→ About this task:
What is wanted is every line below from the one with "The file name will" up to and including the one with "After adding the", retyped exactly, pictures excluded, nothing else.

→ Recorded data:
---

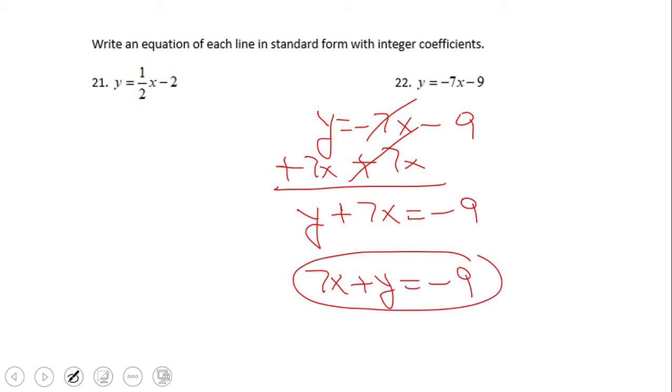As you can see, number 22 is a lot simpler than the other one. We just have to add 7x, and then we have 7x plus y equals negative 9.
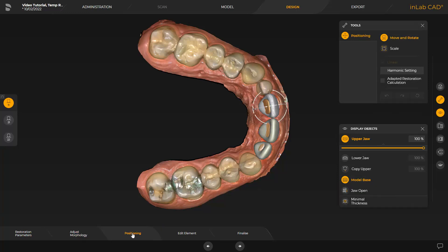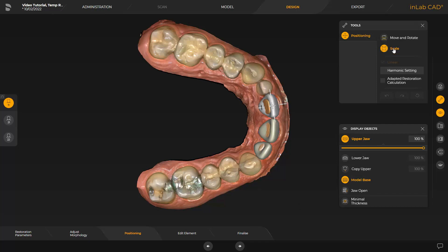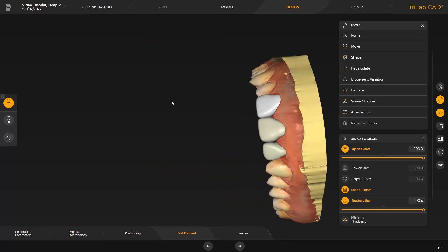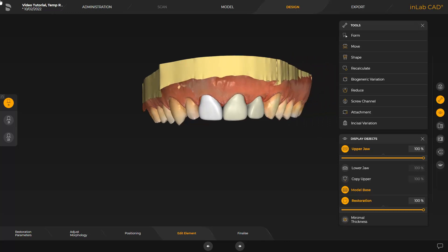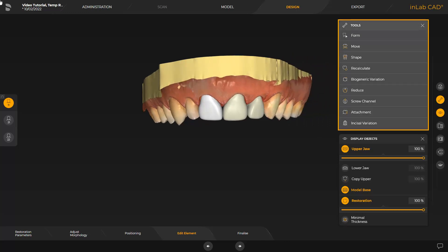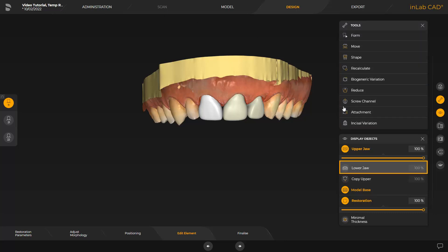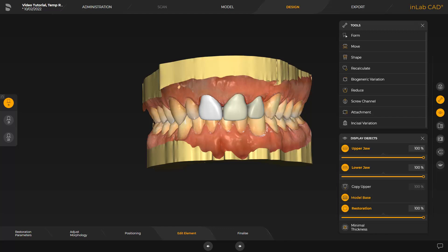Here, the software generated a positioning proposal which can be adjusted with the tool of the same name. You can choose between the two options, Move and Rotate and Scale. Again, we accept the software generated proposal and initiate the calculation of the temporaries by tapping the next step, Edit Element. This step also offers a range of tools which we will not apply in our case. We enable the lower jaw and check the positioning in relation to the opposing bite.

---

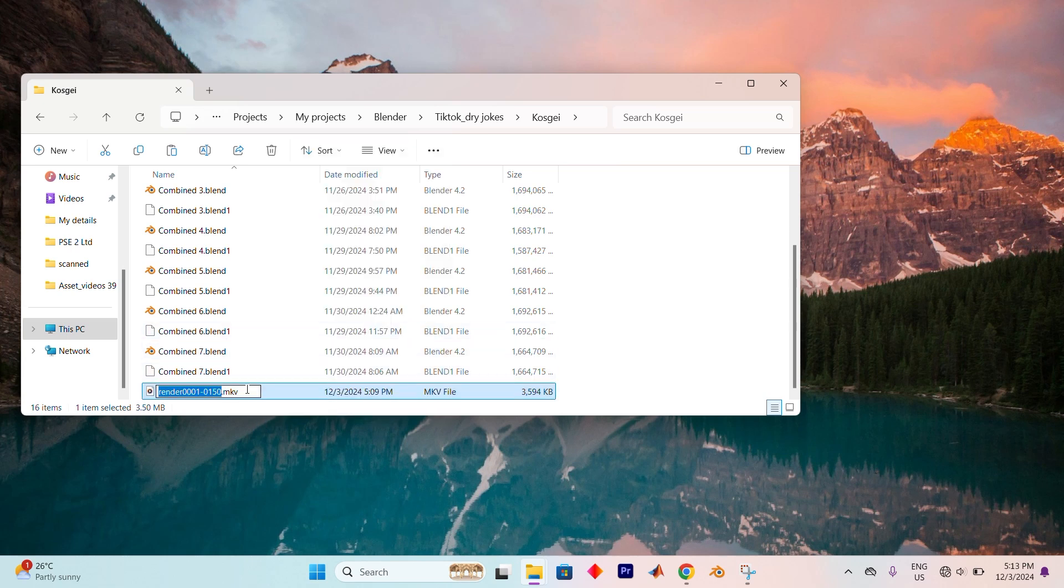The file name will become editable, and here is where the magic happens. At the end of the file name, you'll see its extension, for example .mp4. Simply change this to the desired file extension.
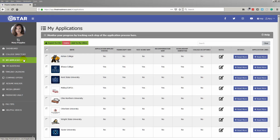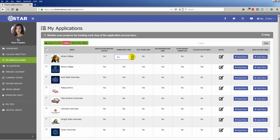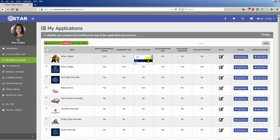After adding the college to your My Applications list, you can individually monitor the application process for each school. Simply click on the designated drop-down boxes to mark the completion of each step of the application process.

---

→ Expected output:
The file name will become editable, and here is where the magic happens. At the end of the file name, you'll see its extension, for example .mp4. Simply change this to the desired file extension.
After adding the college to your My Applications list, you can individually monitor the application process for each school. Simply click on the designated drop-down boxes to mark the completion of each step of the application process.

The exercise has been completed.